An article for November editions of parish magazines from the Dean of Worcester, Peter Atkinson:
When you go home, tell them of us and say, “For their tomorrow, we gave our today”’.
Those words, composed by John Maxwell Edmonds for use on war memorials, have gained a familiar place in our Remembrance Sunday observances. They are words which prompt us to ask, ‘How do we live now, being the survivors, the heirs, and at least in some respects the beneficiaries, of the dead whose names we remember today?’
For some people that is a particularly hard question to be asked. There is, as we know, something called ‘survivor guilt’, a sad and painful state of mind which finds it hard to come to terms with living when others have died. Those who have lost friends or relatives or comrades in wars, in accidents, in natural catastrophes, in acts of terror, but themselves come through physically unscathed, can find themselves bearing a different sort of scar.
But these words are not meant to add to the weight of survivor-guilt for those who suffer from it; they are addressed to us all.

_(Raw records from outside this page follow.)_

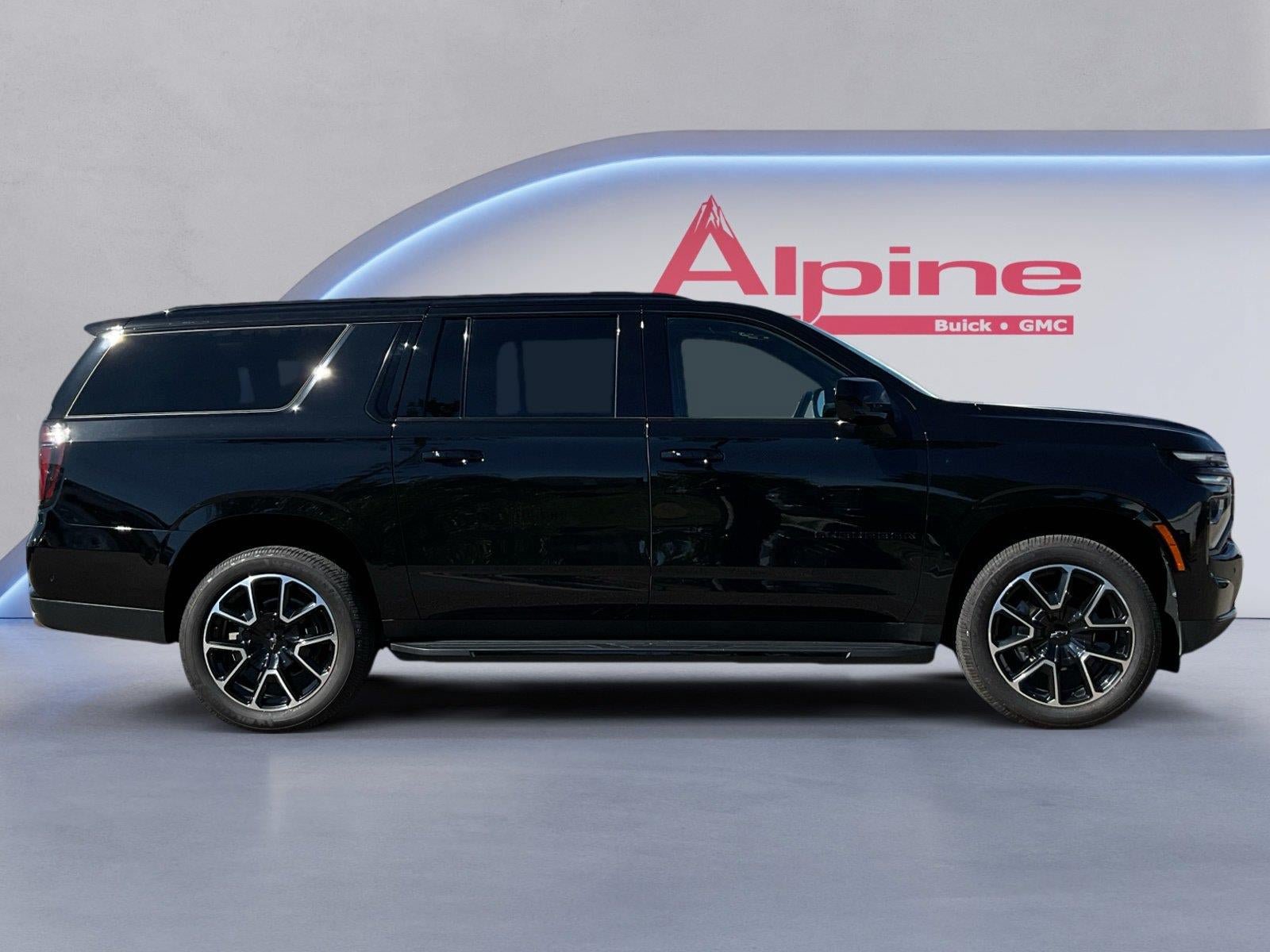 Certified 2025 Chevrolet Suburban RST w/ Sun And Tow Package AWD/4WD image 6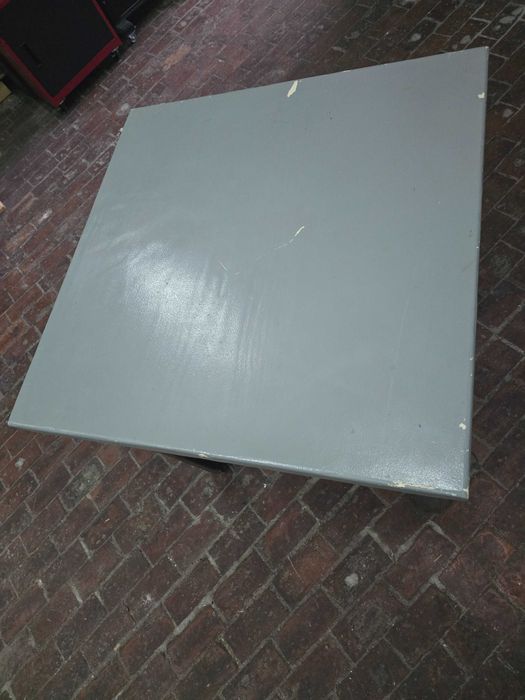 Stół stolik drewniany 80x80cm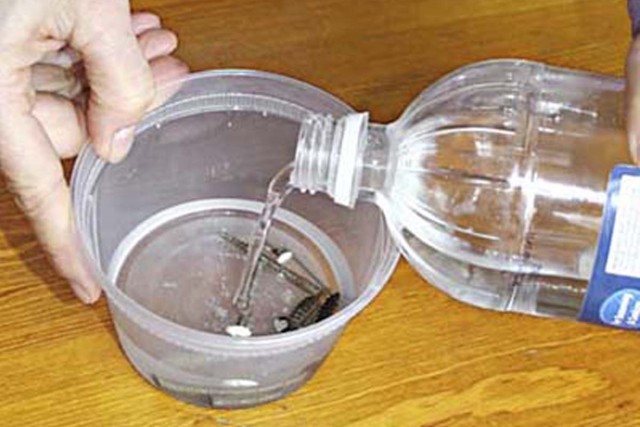 09-10-uses-vinegar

How do we, the living, build a world, fashion a society, create a community which is somehow worthy of the price paid by the dead?
Well, one answer is clear: it is not to go back and re-create a vanished era, though there are worrying signs today of that sort of nostalgia.
So what is our agenda, a century on from when John Maxwell Edmonds wrote his famous words, a century in which the dead have never stopped saying, ‘For your tomorrow, we gave our today?’ The dead whom we remember today, we say, gave their today that there might be a tomorrow worth having. Let’s make the ‘tomorrow’ we offer our children a ‘tomorrow’ for which they will be grateful.